With more film festivals coming up this summer, Polk aims to have the film released commercially in the fall. When Polk transitioned from Mississippi to Massachusetts as a teen, he left the disclosure of his sexuality in the South. “When I get off this plane, every person that enters my life from this point on will know my sexuality,” he said.
A trip to a bookstore in Boston marked the beginning of a vision. He explored a gay and lesbian section, something he had never seen before.
“As I thumbed across the books, there was one book with an illustration of a black person on the cover, and it was ‘Blackbird’ by Larry Duplechan,” Polk said. “It’s considered the first black, gay, coming-of-age novel, and I loved every page of it.”
For the first time, he read a story that was similar to his own. “I was always frustrated by the lack of representation of black gay characters or stories in entertainment, and I quite simply was tired of never seeing myself onscreen,” said Polk. He knew one day he would turn this book into a film.
Back in his hometown, Hattiesburg, he later obtained his undergraduate degree at The University of Southern Mississippi in 1994.
Under the teachings of screenwriter instructor Dixon McDowell in 1991, Polk wrote his first version of “Blackbird.”
“I certainly remembered the script from my class,” said McDowell, who suspected Polk would do great work.
“You can’t teach talent and you can’t teach drive,” he said. “I am very proud of him and the program is proud, but it’s not because of me that he is a success.” Remembering Polk’s days as a student, “he would have been a success anyway,” said McDowell, who only hopes he offered a hand.
Polk later attended film school in California. A proud McDowell visited Polk in Los Angeles on the set of his first feature film, “Punks,” produced in 2001. Centered around a group of gay black friends, the feature made its debut at the Sundance Film Festival in 2000.
He then put a television series under his belt in 2005 when he created “Noah’s Arc” for Logo TV, a channel targeted toward the LGBT community. Like “Punks,” the series featured gay black men in the plot.
Nearly 25 years after being introduced to a peculiar novel in a Boston bookstore, Polk’s vision of “Blackbird” has finally become a reality.
While he ensures the heart and soul of the book remains untouched in the movie, the film has a different perspective. “The novel ‘Blackbird’ is set in the 1970s in rural California, whereas I set the movie in present-day Hattiesburg,” Polk said.

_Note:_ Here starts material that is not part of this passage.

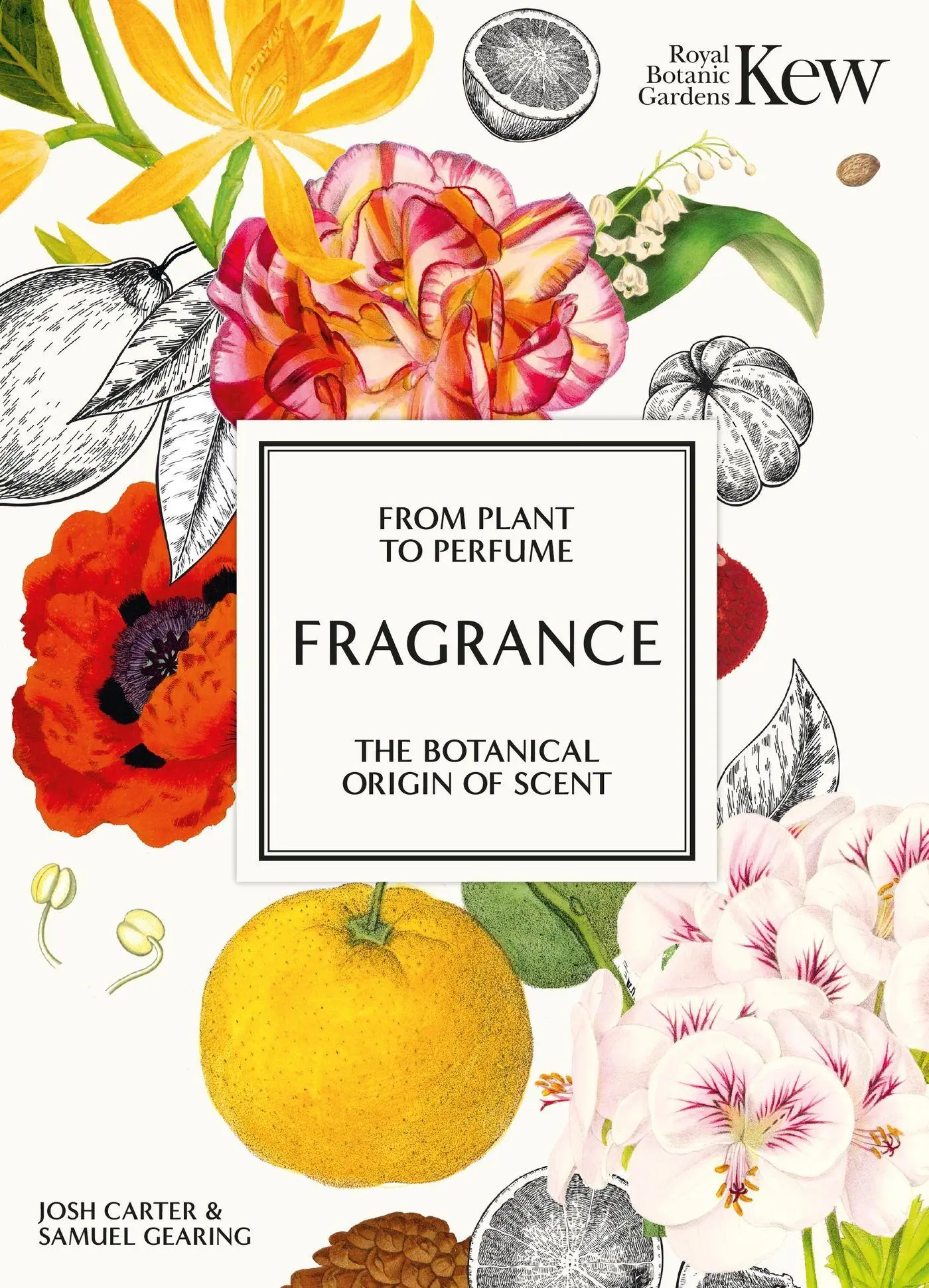 Cover: 9781802797282 | Fragrance | From plant to perfume, the botanical origins of scent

“Blackbird” stars Oscar-winner Mo’Nique, Isaiah Washington and the main character, USM student Julian Walker, who makes his on-screen debut.

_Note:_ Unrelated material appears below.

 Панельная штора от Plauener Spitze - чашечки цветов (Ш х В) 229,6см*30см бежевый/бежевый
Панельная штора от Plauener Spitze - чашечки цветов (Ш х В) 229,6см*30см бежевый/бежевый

Polk was one of approximately 50 attendees invited to the Essence Black Men in Film Dinner, hosted by Tyler Perry, a grounding moment that he said still has him pinching himself.
“Sidney Poitier, Spike Lee, Tyler Perry, John Singleton, Blair Underwood, Gayle King and Jill Scott, I am one of their peers,” Polk said, as if having an “aha” moment. “Mr. Perry spoke eloquently of his own struggles in his career and mentioned the awe he felt walking into Oprah Winfrey’s grand home for the first time. He said he hoped having us to his home that night inspired the same hopes and dreams in us, and it most definitely did in me.”
Polk, an award-winning director and producer, was inducted into the School of Mass Communication and Journalism’s Hall of Fame in 2008.
“Patrik is the university’s most distinguished filmmaker graduate,” said Chris Campbell, director of the School of MassCommunication and Journalism. “He’s doing groundbreaking work.”